Questo gesto è significativo nel nostro grande attore: è ancora una volta l'abolizione del formalismo e dell'esteriorità; è l'uomo che ha bisogno di scontare a modo suo la pena, con ciò che maggiormente potrebbe umiliarlo ed affliggerlo: la confessione. Non solo; è la dichiarazione precisa del suo animo che mosso solamente  dall'amore  per  cui, se uccide  Turiddu Macca pensa che con quella morte ha salvato l'amico e la propria donna dal peccato, peccato che inchioda in una lama di coltello unta d'aglio. Infine come ha liberato la sua arte d'ogni formalismo, così vuole che la realizzazione sia priva di fronzoli e d'artifici, costituisca anche uno sconvolgimento di tecnica e di stile ; quella tecnica e quello stile ch'erano la conquista di tanti altri attori del suo periodo — non ultimo di quell'Ernesto Rossi che gli offrì, entusiasta e sincero, un posto gratuito alla Scuola di recitazione di Firenze, quasi che l'aquila si potesse imprigionare in una gabbia o il leone potesse diventare più espressivo se addomesticato e trasformato in cagnolino, pronto a sollevare dietro un cenno le zampe anteriori e a fare la riverenza, o non meglio se non lo si lascia libero a vagare per la foresta e ad atterrire col suo urlo tutta la jungla.

Primitivo dunque fu Grasso nel senso più vasto e più largo della parola; fu primitivo come artista e fu primitivo come attore; e questa primitività, questa scompostezza, questa irrequietezza del sentire e dell'esprimere diedero vita — perchè tali caratteristiche sono quelle che contraddistinguono la nostra gente — diedero vita al teatro siciliano; non solamente a quel teatro dal quale dovevano poi uscire Angelo Musco e Marinella Bragaglia, Mimì Aguglia e tutti quegli altri attori che elessero il Grande del Teatro Machiavelli come maestro e lo venerano come tale, ma sopratutto a quel teatro eh è la realizzazione artistica del nostro tormento  isolano,  nel quale ogni siciliano si chiude appunto come dentro un'isola, a quel teatro che comprese il genio di Giovanni Verga e la finezza di Luigi Capuana e la sottigliezza di Nino Martoglio, quel teatro ch'è un punto d'arrivo e un punto di partenza non soltanto di tutte le letterature dialettali ma di quelle che hanno dignità e vita nazionali.
Chi mi ha seguito fino a questo momento, si sarà accorto che il centro di questa possente forza nata per sbalordire fu l'amore: amore rude, selvaggio, ma amore; quello stesso del quale egli sapeva parlare con tanta leggiadria, con tanta dolcezza, con tanta simpatia alla Rusidda di Pietra fra pietre, alla « dolce mugghiredda » di Feudalismo, alla Marta di Capitano Bianco, a Chiara di Notte senz'alba, a tutte le infinite altre creature, madri e spose, che popolarono il suo repertorio; e fu amore per la terra, amore per il suo dolce orizzonte, per il suo cielo, per il suo mare, per le piccole cose come per le grandi, per la « pecorella bianca », per l'orologio che « batteva le ore durante l'assenza del personaggio » che egli incarnava, per la casa dove ogni angolo è un mistero e un mondo ; amore detto talvolta con troppa enfasi che però non era retorica; l'amore che può avere ,un bambino il quale si risveglia — come l'Aligi della tragedia dannunziana che Borgese per lui tradusse — dopo lungo sonno e tutto ciò che vede all'intorno diventa meraviglioso e diventa nuovo ed  inusitato.
In questo amore fu un tradito ed un calunniato.
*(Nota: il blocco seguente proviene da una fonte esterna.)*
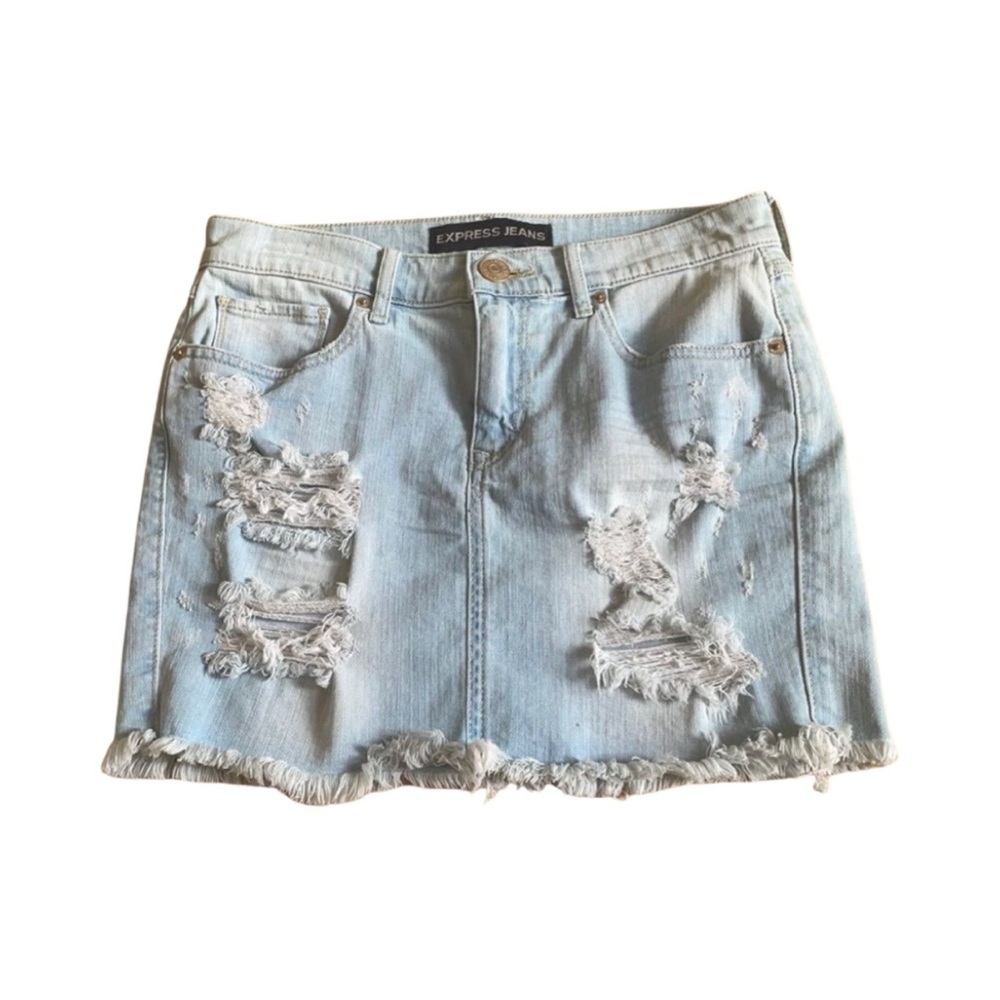 Express Denim Skirt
Purtroppo, assai superficialmente taluni o troppo lo ammirarono o troppo lo denigrarono, perchè videro in lui l'accoltellatore della scena finale, quasi che fosse gesto di maffia quella che invece era la catastrofe nella quale — come gli eroi del mito eschileo, come Oreste, come Edipo, come il padre di Ifigenia — egli rimaneva un vinto, schiacciato dal suo stesso atto di rivolta.
Oggi, dopo sei mesi dalla morte, dopo quei lunghi anni di silenzio che dovette imporsi per il terribile male che lo doveva colpire nel sonno, il nome di Giovanni Grasso è pieno di luce, è vivo come furono vive le sue creature, è presente in noi che lo amammo e in coloro che non lo conobbero nemmeno. Abbiamo perduto il suo gesto, non rivedremo più gli occhi suoi, il suo volto, la sua gigantesca figura, non riascolteremo più la sua voce tremante di emozione e di commozione, quella voce che faceva sussultare tutte le platee e faceva fremere tutti i pubblici, ma la grandezza della sua arte chi potrà cancellarla mai ? A differenza di ciò che avviene con gli altri attori, dei quali l'espressione, che vive con loro, si sperde nel tempo — il tempo in Giovanni Grasso ha operato un altro miracolo, che fu l'ultima riconoscenza della Natura madre : quello di confondere nel mito la sua arte ; ed il suo nome resta il simbolo di tutta una gente.
VITO MAR NICOLOSI
Rivista del comune di Catania maggio-giugno 1931 

Giovanni Grasso, 1908 Di Nikolai Nikolayevich Sapunov




martedì 7 febbraio 2017

Mimì Aguglia LE ORIGINI D'UNA NUOVA ATTRICE

LE ORIGINI  D'UNA NUOVA ATTRICE
Dal  caffè-concerto alla « Figlia di Jorio »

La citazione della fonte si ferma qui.